Paroles échangées sur un quai de métro. Conditions du off.
Pour beaucoup dans les hautes sphères, de telles conditions auraient été nécessaires à la perpétuation du petit théâtre des grandes et coupables hypocrisies.
Pour mon interlocuteur, il ne s’agit que du respect porté à sa libre parole.

« Vous savez on vient de parler et on parle d’adhésion de la Turquie à l’UE. Mais je ne suis pas persuadé qu’il y ait encore une UE dans quelques années. Economiquement, commercialement, techniquement, si assurément, la chose va durer. Mais politiquement, existera-t-il une union politique et stratégique dans quelques années ? Rien n’est moins sûr aujourd’hui. »
Le même jour, nous publiions dans ces colonnes un article de Nuray Mert qui posait abruptement la question de ce que devenait cette Europe à laquelle aspire la Turquie : Berlusconi, Sarkozy, Brown, etc… La Turquie souhaite-t-elle et doit-elle encore adhérer à une Europe qui par les choix de ses leaders semble incapable d’une part, de parler d’une seule voix, d’autre part, de faire entendre une autre voix que celle des Etats-Unis. Quelle est encore la signification du projet européen eu égard à son voisinage immédiat qu’est le Moyen-Orient ?
Autant de questions fortes qui devraient remuer les partisans de l’Europe puissance, identitaire et auto-centrée.

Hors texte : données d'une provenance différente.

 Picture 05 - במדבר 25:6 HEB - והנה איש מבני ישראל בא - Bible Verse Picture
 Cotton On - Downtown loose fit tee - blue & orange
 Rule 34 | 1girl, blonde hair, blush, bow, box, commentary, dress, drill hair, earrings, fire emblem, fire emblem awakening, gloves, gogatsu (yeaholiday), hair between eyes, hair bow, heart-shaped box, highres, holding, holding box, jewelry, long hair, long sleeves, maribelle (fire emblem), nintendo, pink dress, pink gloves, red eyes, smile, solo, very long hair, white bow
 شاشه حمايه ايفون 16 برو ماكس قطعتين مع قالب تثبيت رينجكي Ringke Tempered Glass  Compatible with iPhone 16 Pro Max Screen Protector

Mon interlocuteur poursuit.
« C’est la raison pour laquelle, en ayant le risque de cette absence à l’esprit, il nous faut au moins préserver l’optique d’une adhésion pour la Turquie. Quand bien même le processus n’aboutirait pas, il est nécessaire aujourd’hui pour la Turquie de le maintenir sur les rails. Sans chercher, pour l’instant, à viser plus loin. »

On peut déduire de cela plusieurs choses :

- Mon interlocuteur est un ardent et ancien défenseur de l’adhésion de la Turquie à l’UE : il ne s’agit pas pour lui de prouver que la Turquie est européenne. De grapiller des subsides européens. Ou même de simplement forcer la main des conservateurs islamistes ou militaires en Turquie. Non, il faut « viser plus loin ». C’est-à-dire inscrire le projet d’adhésion de la Turquie dans un projet bien plus large. Pour l’Europe.
Et Nuray Mert de toucher juste : si le projet européen est politique, il n’est pas culturel ni patrimonial, il n’est pas celui d’une réunification de ce qui ne fut jamais uni, il est sûrement stratégique avant tout. Le projet européen devra correspondre au choix d’une géographie pertinente… Alors la Cappadoce et les Etats tampons…

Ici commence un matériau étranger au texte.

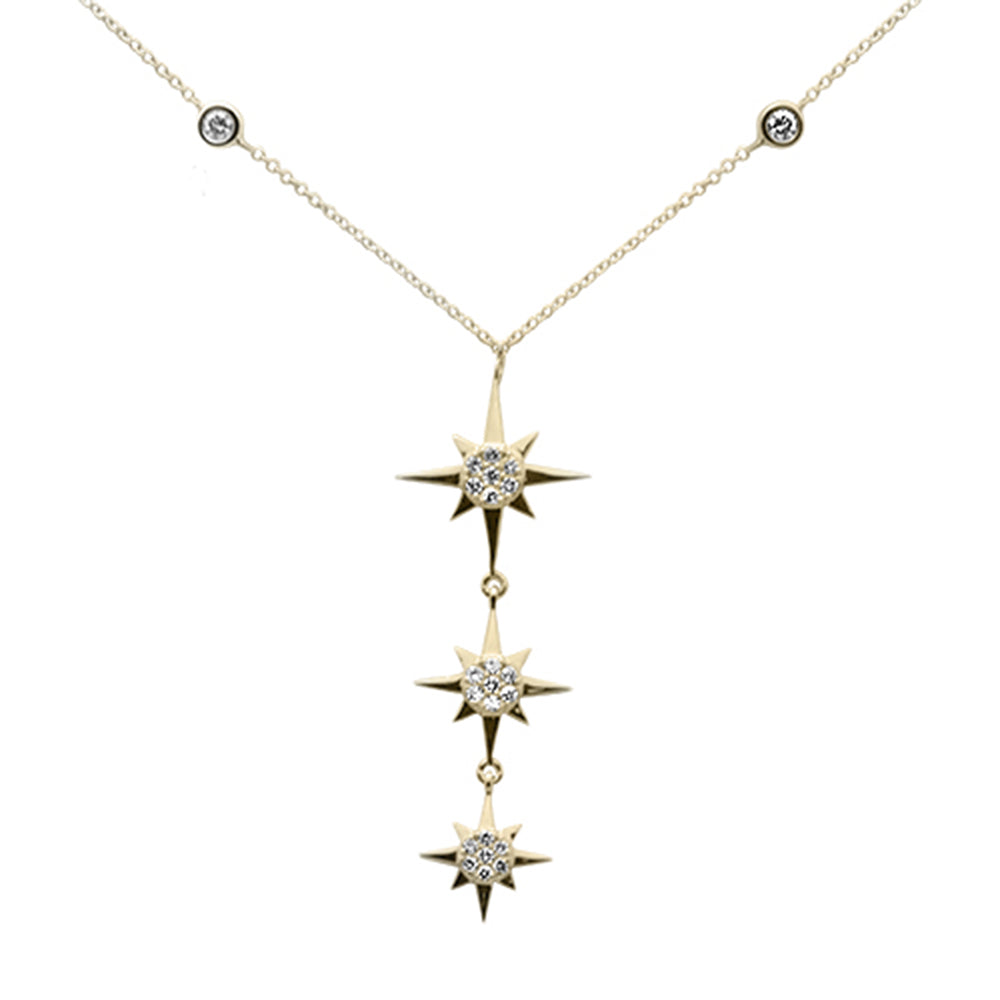 Muse Jewelry .33ct G SI 14K Yellow Gold Diamond Starburst Pendant Necklace 16+2" Ext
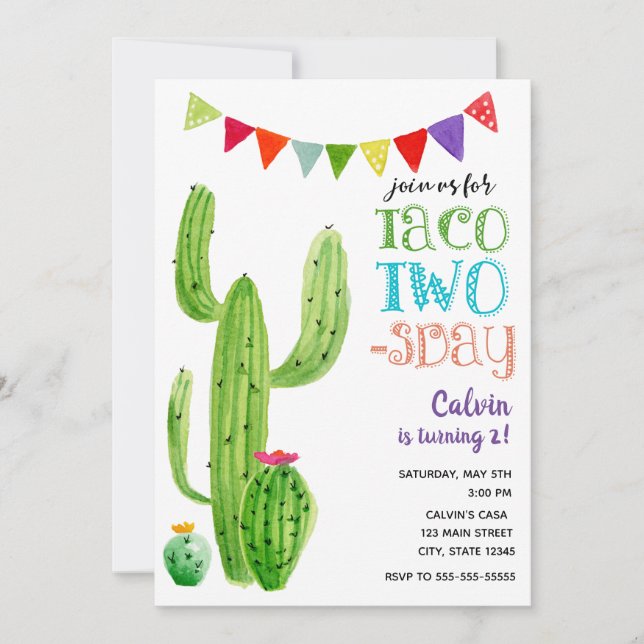 Taco Invitation à deux jours d'anniversaire (Devant)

Or mon interlocuteur appartient à une école de pensée entre Turquie et Europe pour qui la Turquie ne retrouvera de marges de manœuvre stratégiques qu’en concédant des parts de souveraineté à un projet plus large qui la concerne directement.

- Projet sans lequel, le projet turc ne signifie rien d’autre que la satisfaction d’un étroit égoïsme national. Ce sont paradoxalement les défenseurs d’une formule de type « voisinage » ou « partenariat privilégié » qui poussent la Turquie à la satisfaction d’un égoïsme naturel dont ils sont les plus prompts à lui tenir rigueur en l’accusant avec 20 ans d’avance de siphonner les fonds européens et de dissoudre une unité stratégique européenne qu’ils n’ont pas pensé et ne sont pas même capables d’imaginer…
D’où la nécessité pour la Turquie, mais aussi pour l’Europe, de maintenir ne serait-ce, pour l’instant, que l’illusion d’un idéal ou d’une ambition européenne.

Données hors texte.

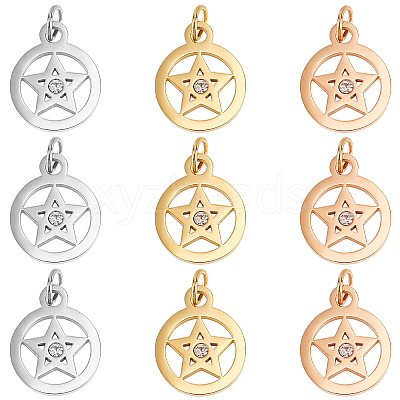 9Pcs 3 Colors 316 Surgical Stainless Steel Charms STAS-DC0009-36-1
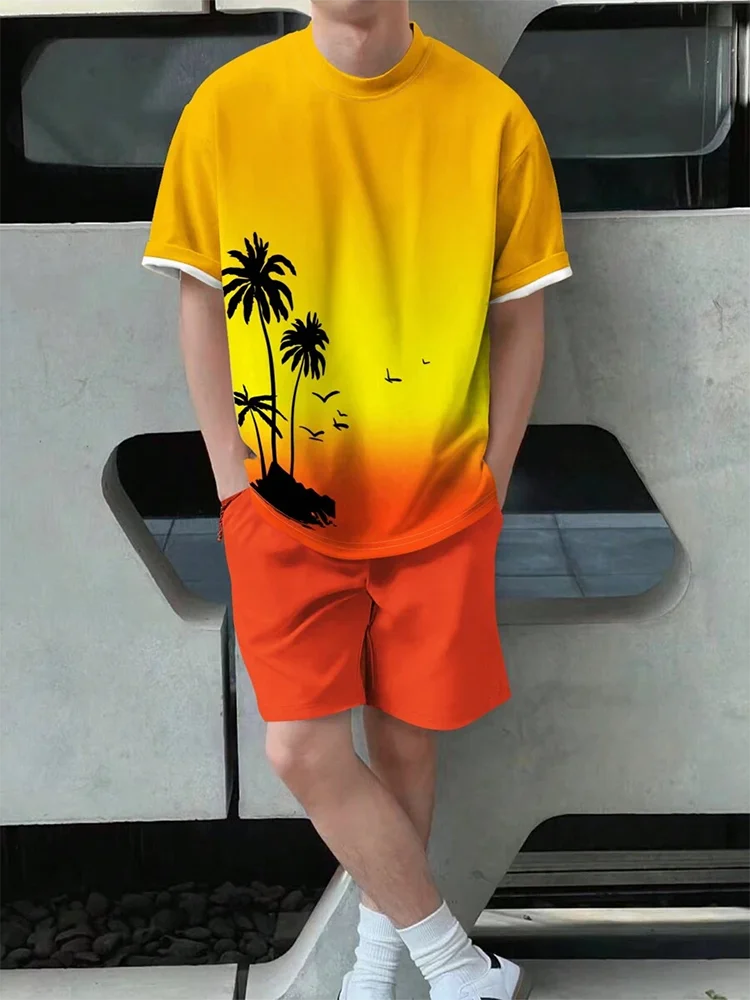 Summer Men's 2 Piece Set Hawaiian Fashion Casual Men's T-shirt Outdoor Beach Men's Shorts Palm Tree Print O-neck Short Sleeves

Mais c’est une situation bien humaine : on cherche toujours à dissimuler une peur et la reculade qu’elle induit en accusant l’autre d’être le responsable des maux que ce sentiment suscite.

La peur et la reculade européennes sont celles d’un projet fédéral (qui ne veut pas dire unitaire) politique, démocratique et stratégique européen alors que l’Union s’est étendue d’un coup sans en parler à ses opinions, dans un monde dangereux en mutation rapide. Et la Turquie de tenir, par anticipation, le rôle du grand fossoyeur de l’Europe « puissance ».

En Turquie, la peur et la reculade sont celles d’une constitution civile et d’un régime démocratique solide proposé à une population plongée dans le grand bouillon de la mondialisation, de la diversité et de l’ouverture sans garde-fous. Et l’UE de tenir le rôle du grand méchant loup impérialiste.

Il est cependant des gens pour penser les ponts qui peuvent être lancés entre ces deux situations symétriques. Et est-ce si surprenant de les voir surgir dans la dynamique de ce projet contesté de l’adhésion de la Turquie à l’UE et non dans les pays qui ont rapidement succombé au confort de l’adhésion acquise ou de l’habitude européenne ?
Est-il si surprenant de voir l’idéal européen glisser et survivre aux marges de son projet ? Cela ne nous apprend-il rien sur sa vraie nature ? Comment faire en sorte qu’il en irradie à nouveau le centre ?

A quelques jours de la journée de l’Europe, ces voix et ces questions européennes, si ténues soient-elles, méritent d’être maintenues. Même et peut-être surtout depuis nos marges étroites.